Features
- This release introduces an absolute confidence metric based on unique and most common ngrams for each supported language. It allows to build a language detector from a single language only. Such a detector serves as a binary classifier, telling you whether some text is written in your selected language or not. (#235)
Improvements
-
The new absolute confidence metric helps to improve accuracy in low accuracy mode. The mean of average detection accuracy (single words, word pairs and sentences combined) increases from 77% to 80%.
-
The rule-based algorithm for the recognition of Japanese texts has been improved.
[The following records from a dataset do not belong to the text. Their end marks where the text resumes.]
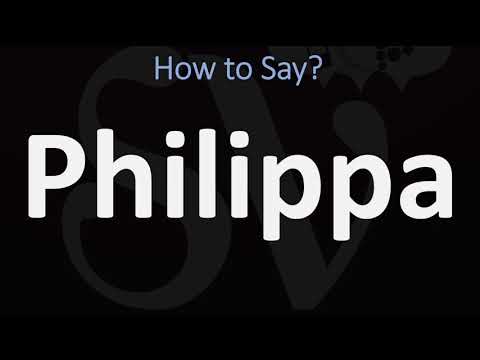 Vídeo: O que significa philippa em inglês?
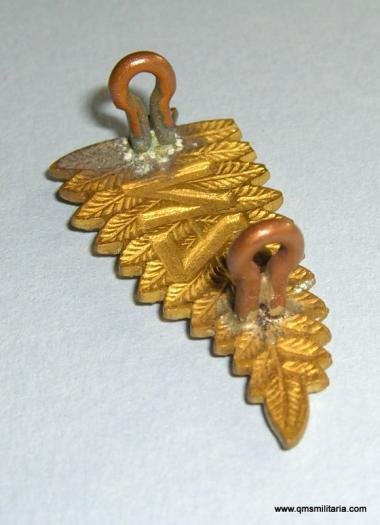 WW2 Pattern New Zealand Fern Leaf Temporary Staff ( Officers ) Brass Cap / Collar Badge — image 4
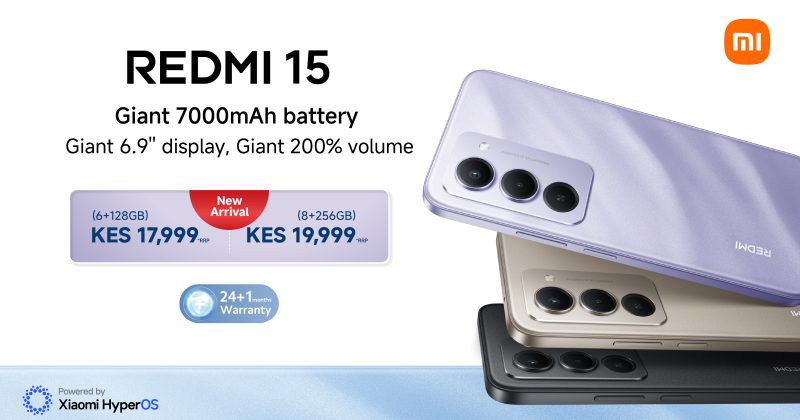 Xiaomi unveils Redmi 15 in Kenya With 7,000mAh battery, 6.9” display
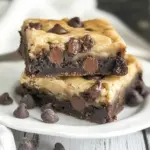 Homemade Brookie Bars (Brownie & Chocolate Chip Cookie Bars) photo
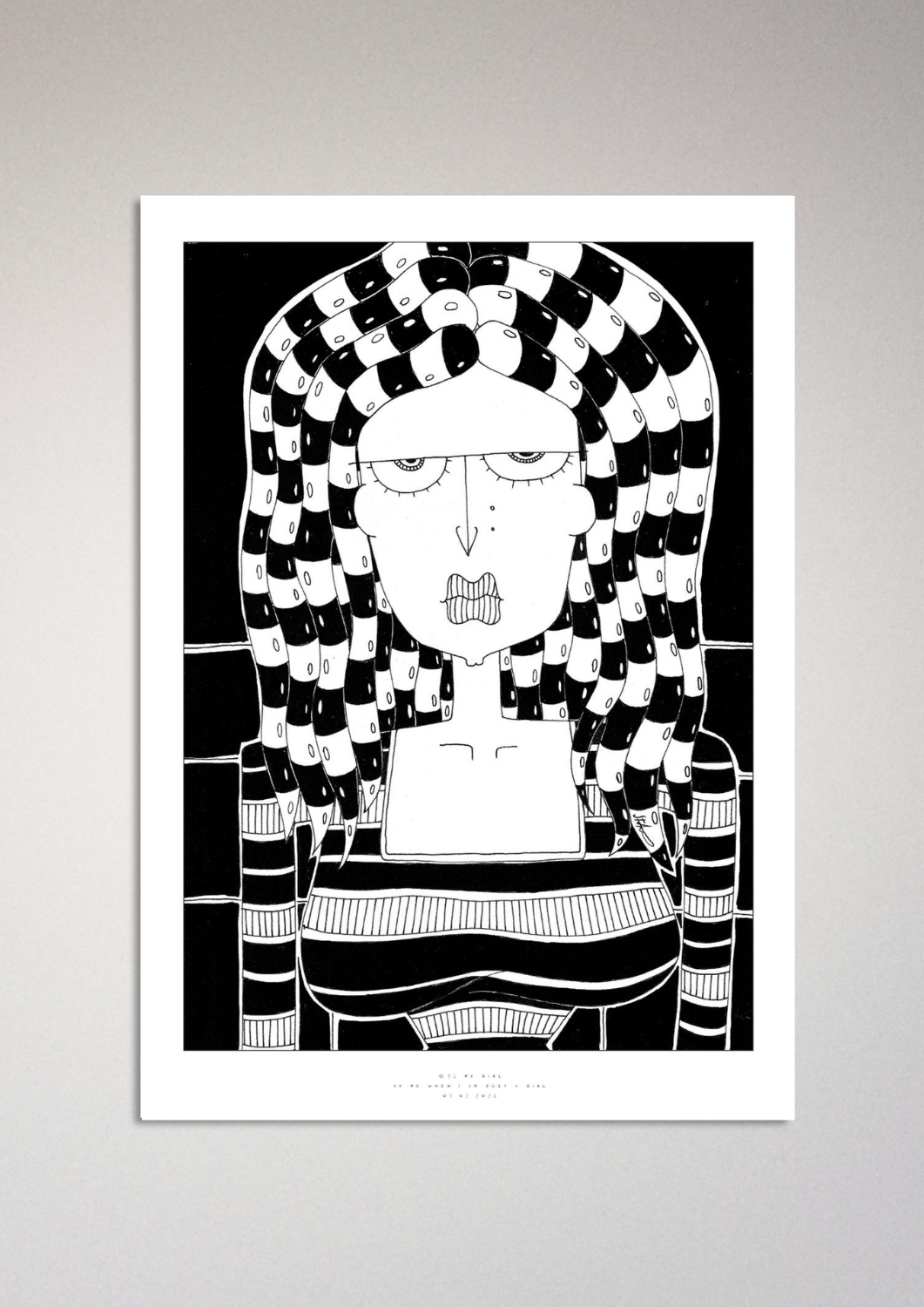 #94 - My girl - Semi-Glossy Paper Post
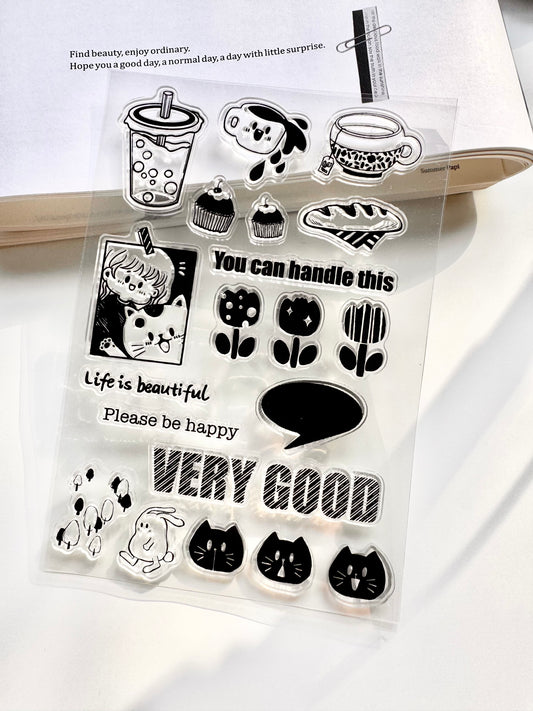 NEW Star Studio - The Tiny Cutie | 21pcs Clear Stamp Set | Silicone Stamp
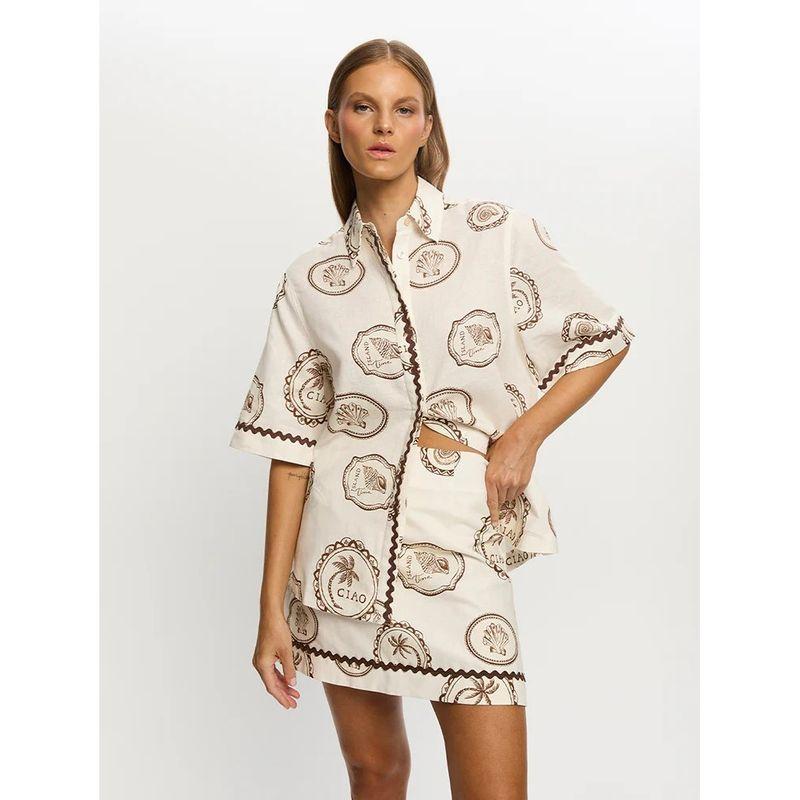 Fashion Elegant Elegance Tied Shirt + Skirt Outfit Flower color S
Fashion Elegant Elegance Tied Shirt + Skirt Outfit Flower color S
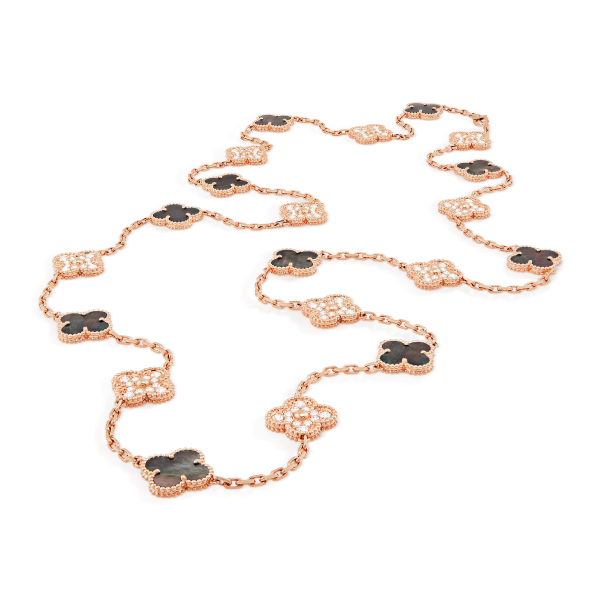 Vintage Alhambra long necklace, 20 motifs - Image 5
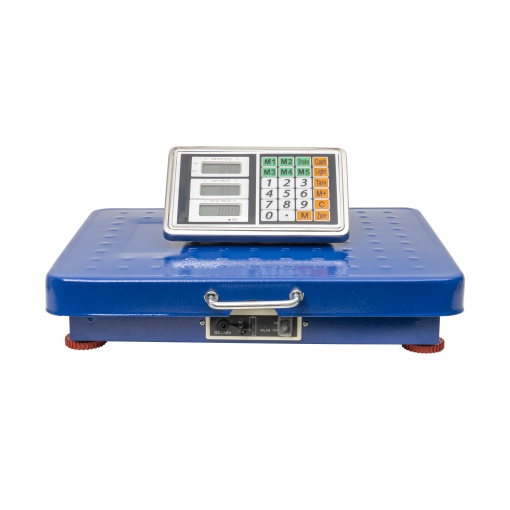 Cantar electronic Z-TOOLS, platforma 41x51 cm, maxim 300 kg, afisaj LCD, WI-FI, albastru, ZTS8560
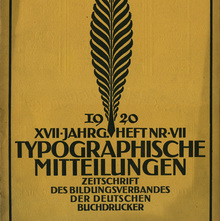 <cite>Typographische Mitteilungen</cite>, vol. 17, No. 7, July 1920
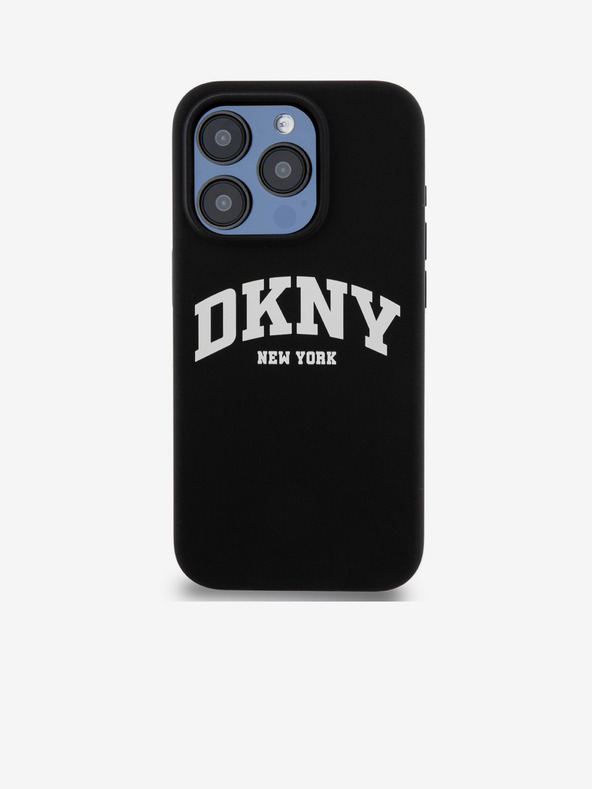 DKNY Tekoči silikonski logotip MagSafe za iPhone 15 Pro črn DKNY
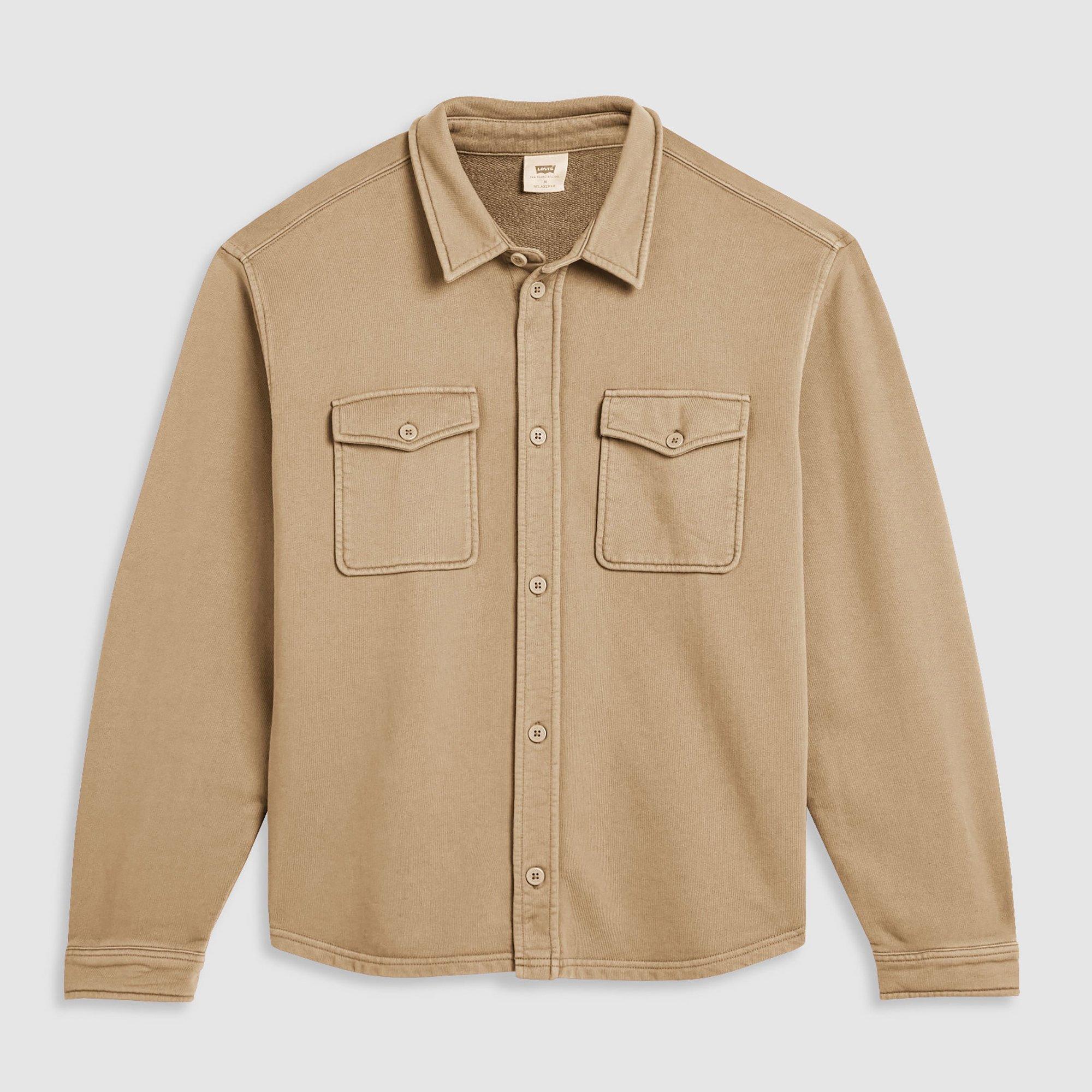Men's Bayview Soft Worker Cotton Long-Sleeve Overshirt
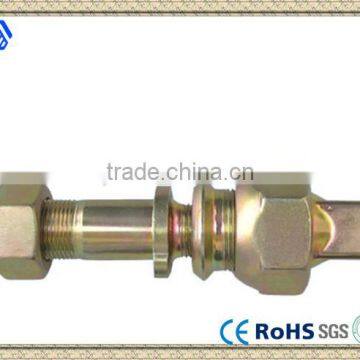 zinc plated wheel hub bolt for trucks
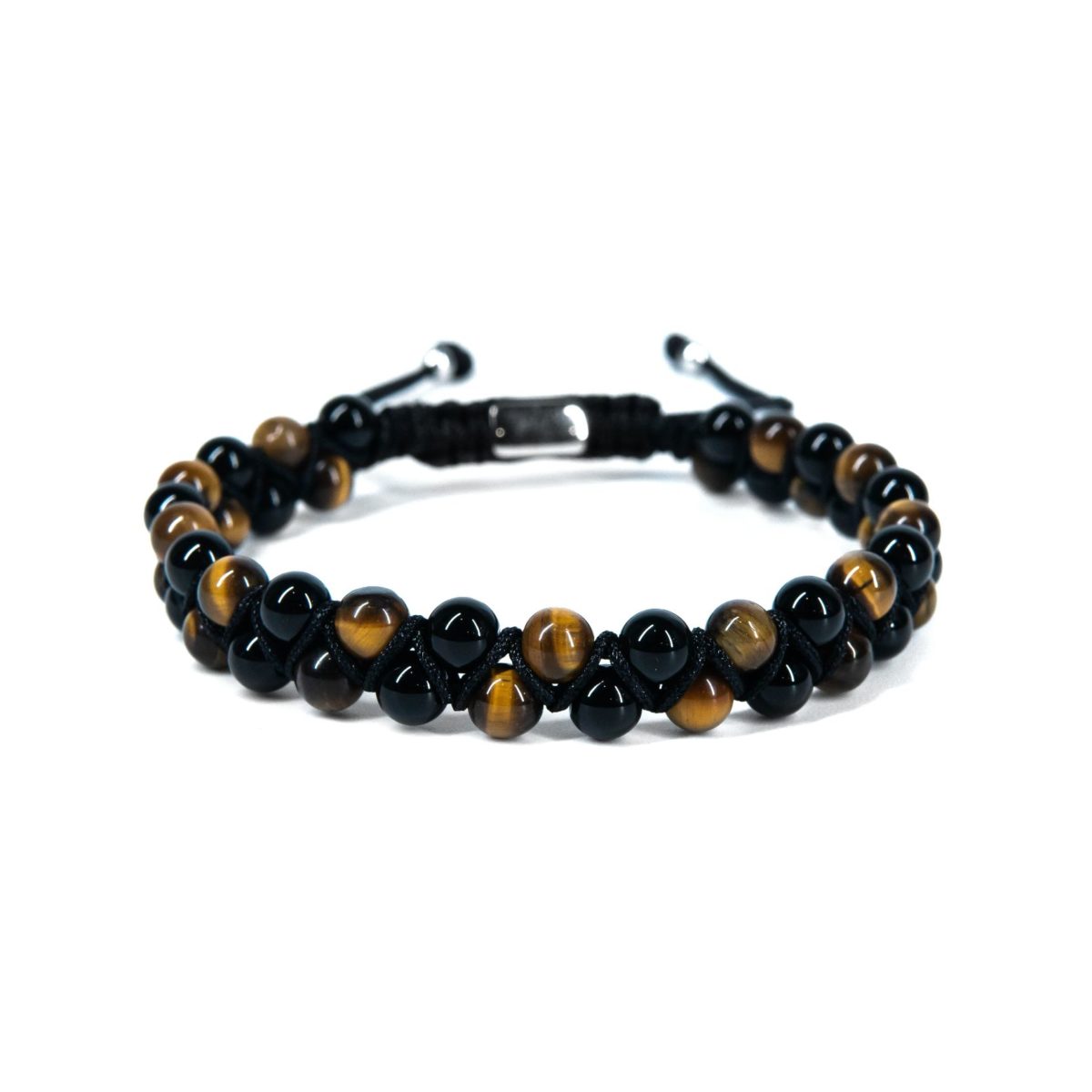 https://m.clubbella.co/product/edmund-tiger-eyes-black-onyx-bracelet/ Edmund Tiger Eyes Black Onyx bracelet (2)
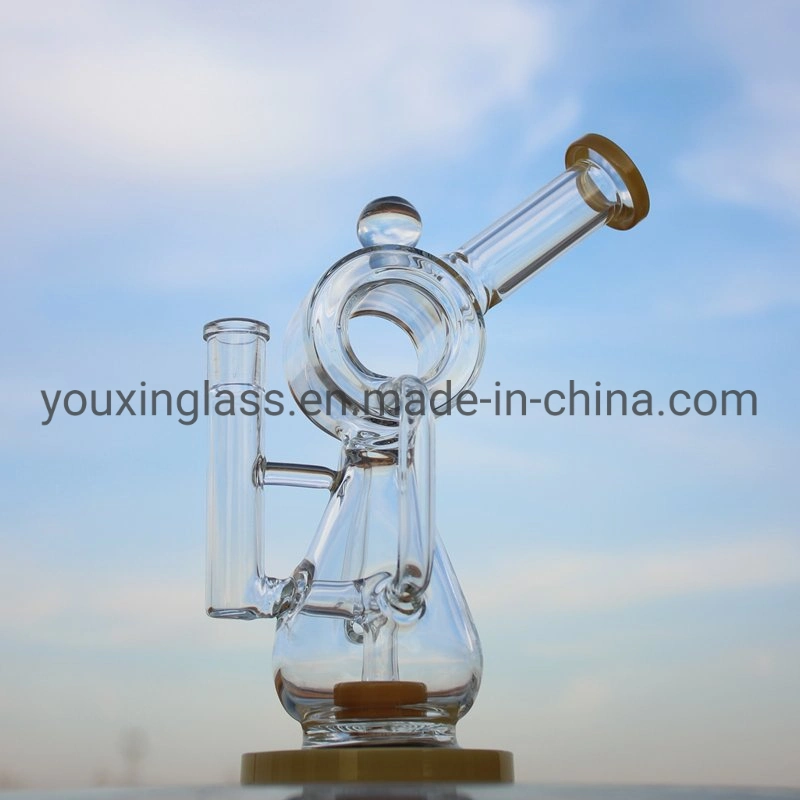 Wholesale/Supplier Recycler Bubbler Colorful Glass Smoking Water Pipe DAB Oil Rig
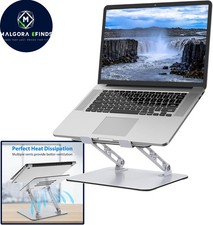 Adjustable Laptop Stand Foldable Aluminum Riser Holder for 10-15.6in Notebook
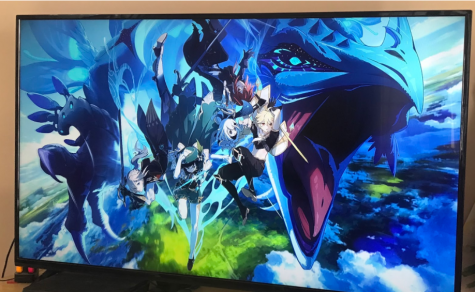 Genshin Impact’s opening screen artwork is seen on the PS4 when loading up the game.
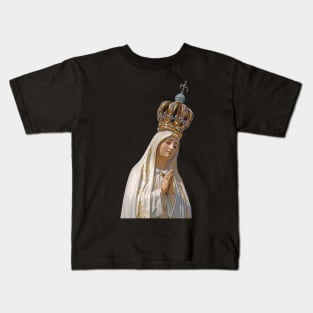 Mary our lady of Fatima Kids T-Shirt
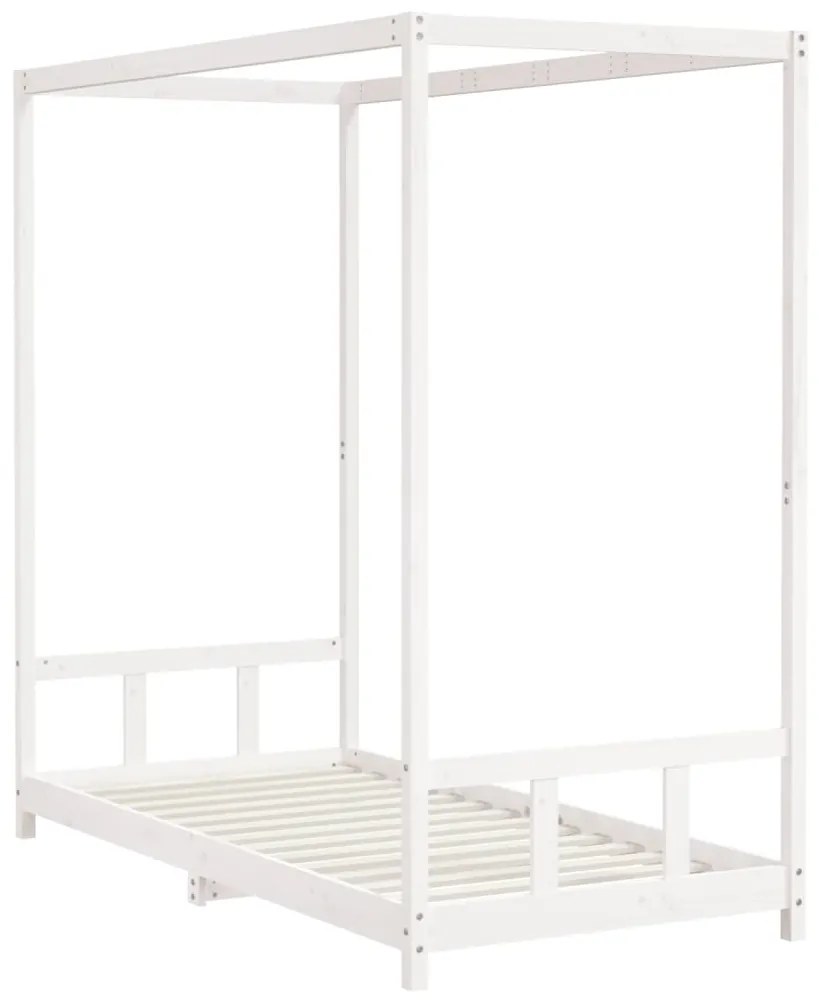 Estrutura de cama infantil 90x190 cm pinho maciço branco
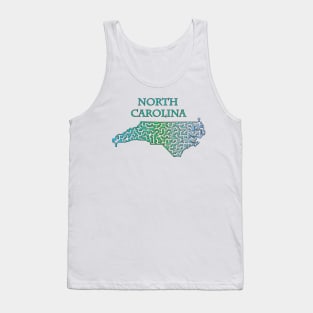 State of North Carolina Colorful Maze Tank Top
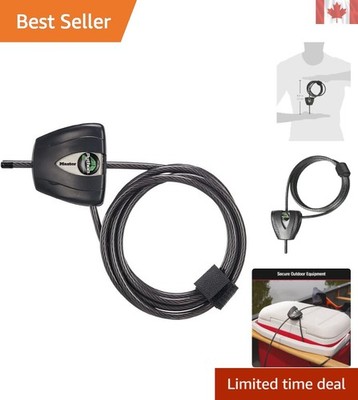 Secure Your Bike with 6-Foot Python Adjustable Locking Cable - Scratch Resistant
Texts including both Japanese and Chinese characters are now classified more often correctly as Japanese instead of Chinese.
-
The characters
Щщ
are now correctly identified as possible indicators for the Ukrainian language, leading to slightly higher accuracy when identifying Ukrainian texts. -
The enums provided by this library can now be copied and pickled. (#199)
-
Members of the enums provided by this library can now be created dynamically with the function
from_str()
. (#225) -
The library can now be used with Azure Artifacts. (#209)
Bug Fixes
-
Text spans created by
LanguageDetector.detect_multiple_languages_of()
sometimes skipped characters in the last span. This has been fixed. -
The tokenization of texts written in the Devanagari alphabet was flawed. This has been fixed, leading to better detection accuracy for Hindi and Marathi.
-
The classes provided by this library are not part of the
builtins
module anymore but of the correctlingua
module. (#255)
Compatibility
- The newest Python 3.13 is now officially supported.
- Support for Python 3.8 and 3.9 has been dropped. The lowest supported Python version is 3.10 now.